The main endpoint in the planned immunotherapy study are changes in tumor marker CA 19.9 and correlation with tumor burden by CT scans. Additional endpoints will include measuring blood glucose and bilirubin levels that are usually higher than norm in pancreatic cancer. Trial is designed for those who have inoperable form of cancer and are free of concomitant chemotherapy.
“We are glad to have opportunity to offer the most advanced immunotherapy available today for patients with pancreatic cancer. Having successfully developed similar immunotherapies for patients with hepatocellular carcinoma, now in Phase III trial, and cholangiocarcinoma, now in Phase II stage, we are confident that our latest vaccine will be as cost-effective and safe intervention”, said Dr. Allen Bain – director of Vancouver-based Immunitor Inc.
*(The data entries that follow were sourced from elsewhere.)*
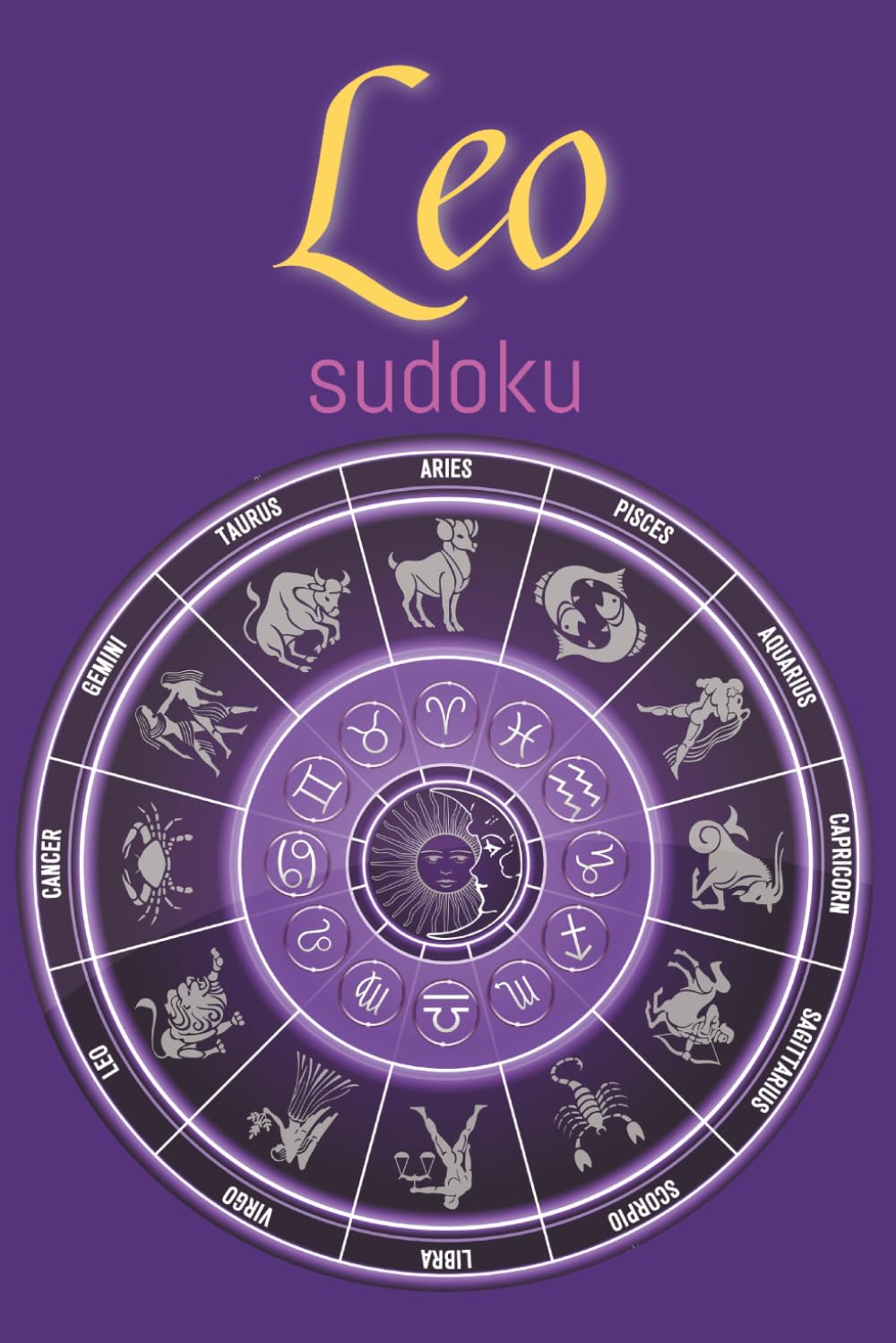 Leo Sudoku Puzzle Book: Virgo Sudoku Puzzle Book: Zodiac Virgo Sudoku Puzzles with Funny and motivational lines for Leo/ Help Calm, Relax, and Focus/ ... 110 pages/ 50+ Puzzles/ Solutions included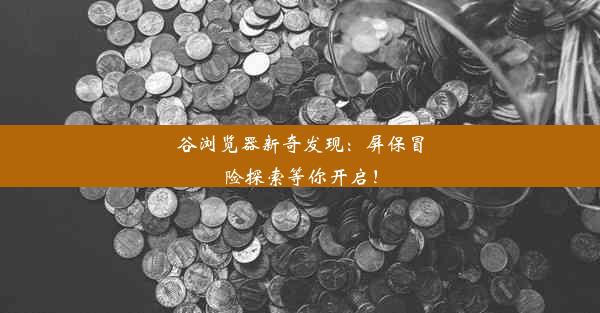 谷浏览器新奇发现：屏保冒险探索等你开启！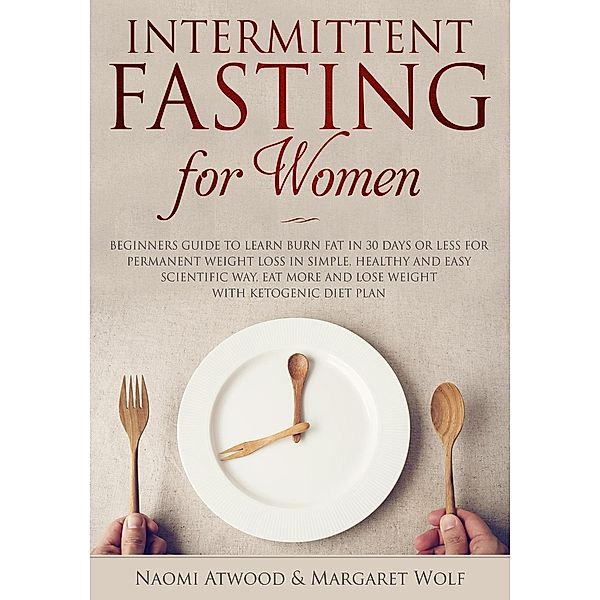 Intermittent Fasting for Women: Beginners Guide to Learn Burn Fat in 30 Days or less for Permanent Weight Loss in Simple, Healthy and Easy Scientific Way, Eat More and Lose Weight With Ketogenic Diet, Naomi Atwood, Margaret Wolf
Dr. Aldar Bourinbaiar, CEO of Mongolia-based Immunitor LLC, commented: “We are deeply satisfied by our progress in developing portfolio of products designed to address the unmet need in patients with hepato-pancreato-biliary- or HPB diseases that affect the liver, pancreas, gallbladder, and the bile ducts. Our V3-P is yet another proof-of-concept for our oral vaccines platform designed to target tumor and counteract cancer-associated inflammation through induction of immune tolerance. Such an approach has been shown by us to cure cancer, but without any evidence of toxicity”. “Now, we have filled the need for each of HPB diseases, our next frontier is gastrointestinal and colorectal space”, concluded Mr. Vichai Jirathitikal – pharmacist and co-founder of Immunitor.
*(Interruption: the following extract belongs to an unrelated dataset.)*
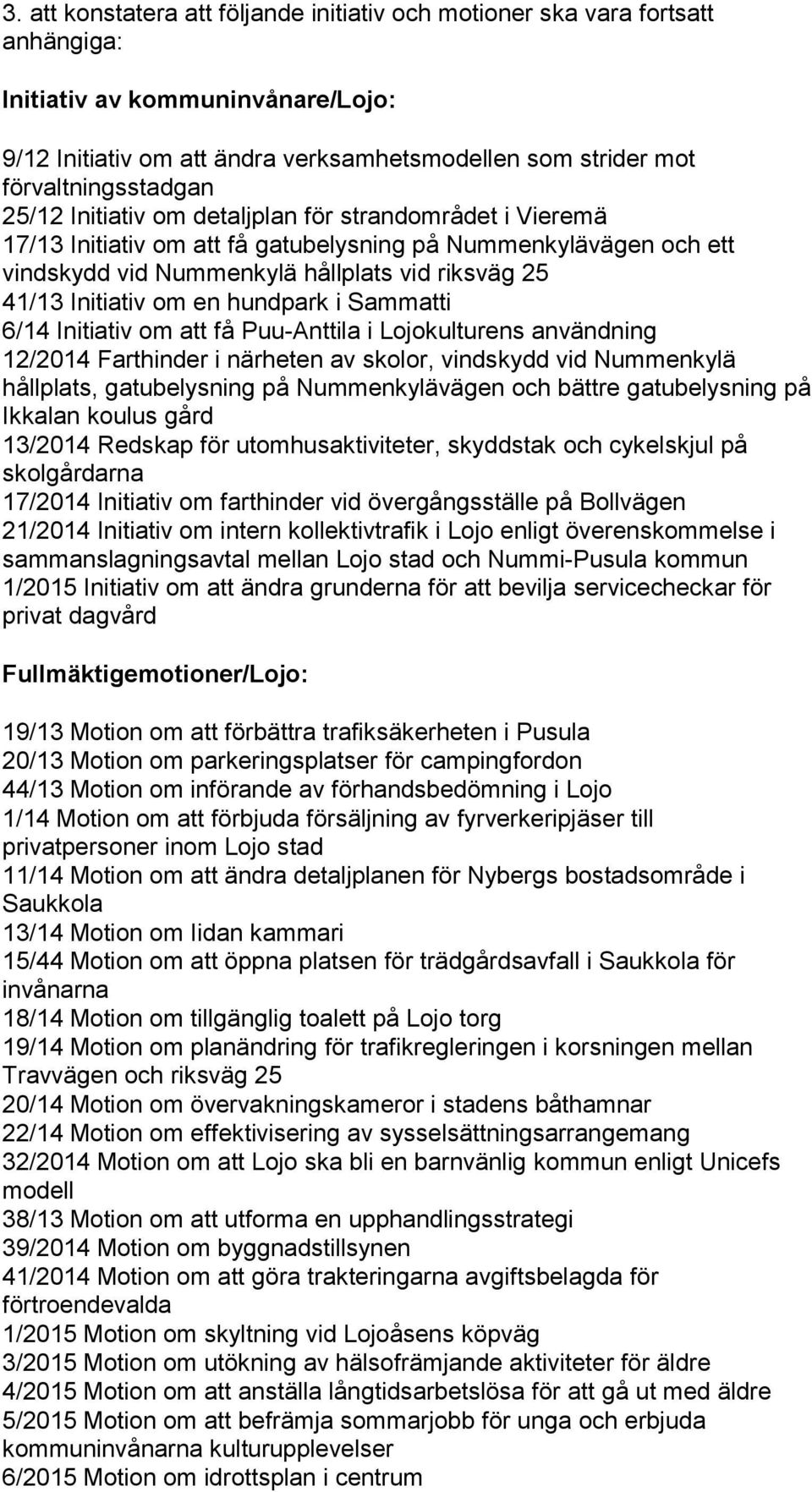 Initiativ om att få Puu-Anttila i Lojokulturens användning 12/2014 Farthinder i närheten av skolor, vindskydd vid Nummenkylä hållplats, gatubelysning på Nummenkylävägen och bättre gatubelysning på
Immunitor Inc. is a privately held, commercial stage biopharmaceutical company with headquarters in Vancouver, Canada (http://www.immunitor.com) and offices in Beijing, Hong Kong, Johannesburg, Moscow and Ulaanbaatar. Immunitor’s strength resides in its proprietary oral vaccine platform validated by numerous clinical trials conducted over the past 15 years. Immunitor makes several immunotherapy products addressing major health problems, i.e., in infectious diseases area: HIV, HBV, HCV, influenza, malaria, fungal and microbial infections including tuberculosis; in the area of autoimmune and metabolic diseases: i.e., renal failure, thyroiditis, Alzheimer disease, hypertension, atherosclerosis, obesity and diabetes; and recently in oncology space, with several candidates currently being investigated. The immediate goal of Immunitor is to address the unmet need in a wide range of liver-related diseases. Hepko-V5 designed to treat hepatocellular carcinoma (HCC) the most common form of liver cancer is now in Phase III trial stage. Based on encouraging preliminary data, hepcortespenlisimut-L has received orphan drug designation from the U.S. Food and Drug Administration (FDA), which clears the path toward approval in US market. A Phase II trial in patients with cholangiocarcinoma – second most common form of liver cancer affecting bile ducts - has been initiated recently. This month another immunotherapy is deployed with intent to treat pancreatic cancer, which has the worst prognosis out of all forms of cancer.